RE: HEALTH_ERR when (re)starting ceph-osd's

[Date Prev][Date Next][Thread Prev][Thread Next][Date Index][Thread Index]

 



> -----Original Message-----
> From: Wido den Hollander [mailto:wido@xxxxxxxx]
> Sent: Thursday, January 28, 2016 1:38 PM
> 
> On 28-01-16 11:48, Piotr.Dalek@xxxxxxxxxxxxxx wrote:
> > Hello,
> >
> > I haven't noticed it before, but since merging
> https://github.com/ceph/ceph/pull/7253 I see that, when restarting
> daemons on healthy ceph cluster, it goes to HEALTH_ERR state with
> "$(random_number) pgs are stuck inactive for more than 300 seconds".
> > I looked at the commit and it turns out it will be always occurring on
> restart/boot, as booting pgs are inactive "by default" (since mons never
> received any sign of life from them) - not because they're actually stuck
> inactive.
> 
> Well, in that case, isn't the PR correct? But I see what you mean.
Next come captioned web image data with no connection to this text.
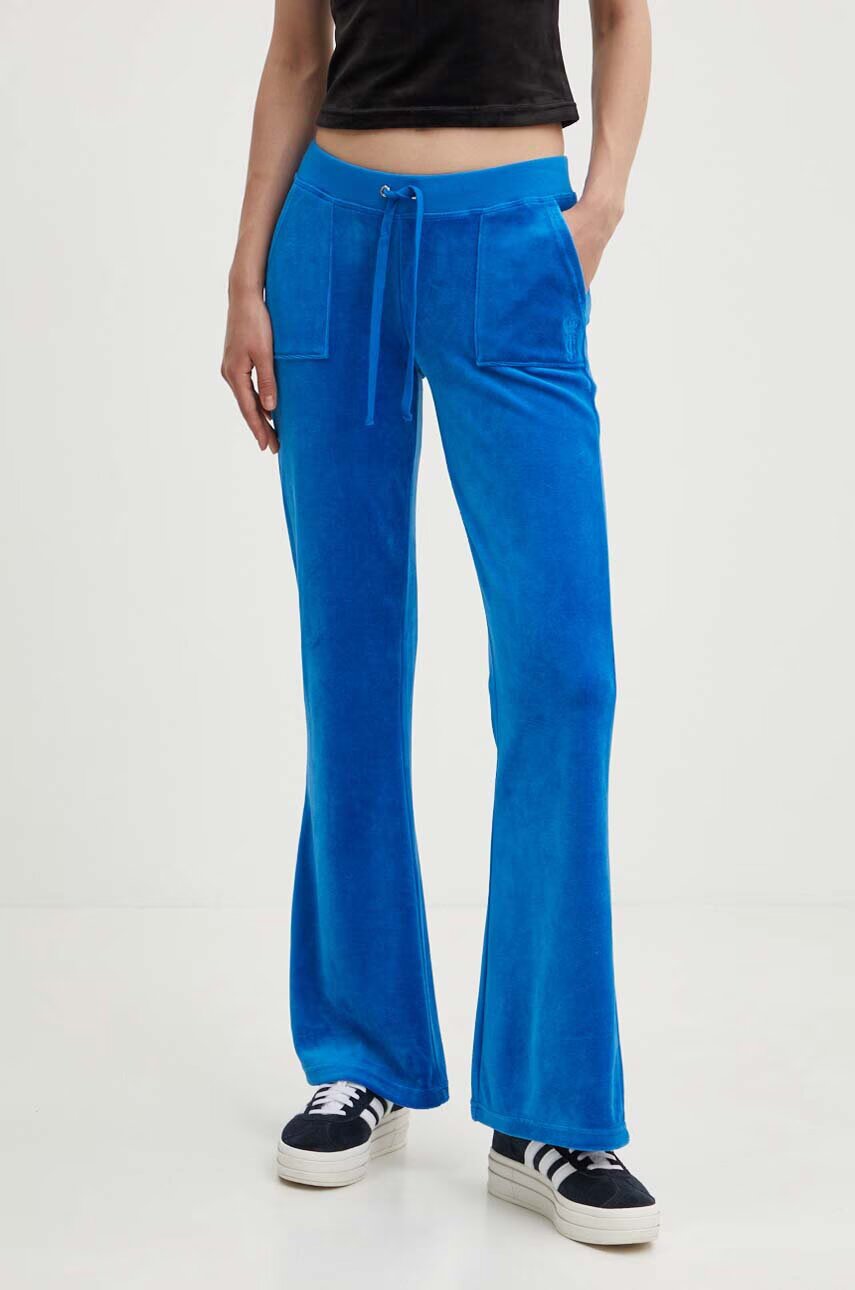 Juicy Couture Кадифен спортен панталон CAISA LOW RISE PANT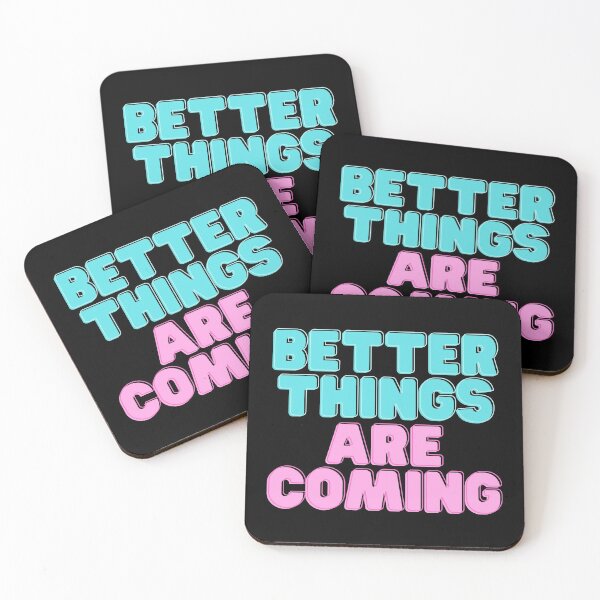 Item preview, Better Things Are Coming - Cute Blue and Pink designed and sold by KarolinaPaz.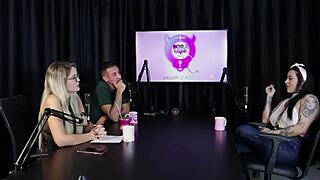 She services her two girlfriends, but I wouldn't like gangbang with strangers at the motel.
Actually, the only thing wrong with this is that it reports PGs as inactive for some prolonged period of time, when it's not true.
 
> > One solution to this would be to mark pg_stat.last_* fields to the point
> where it were first seen, so they will become stuck
> (mon_pg_stuck_threshold) seconds after first registering, and not right
> away.
> 
> That sounds like a good solution, you might want to take a look at:
> http://tracker.ceph.com/issues/14028

I'll take a look. Maybe we could fix two issues with one PR ;-)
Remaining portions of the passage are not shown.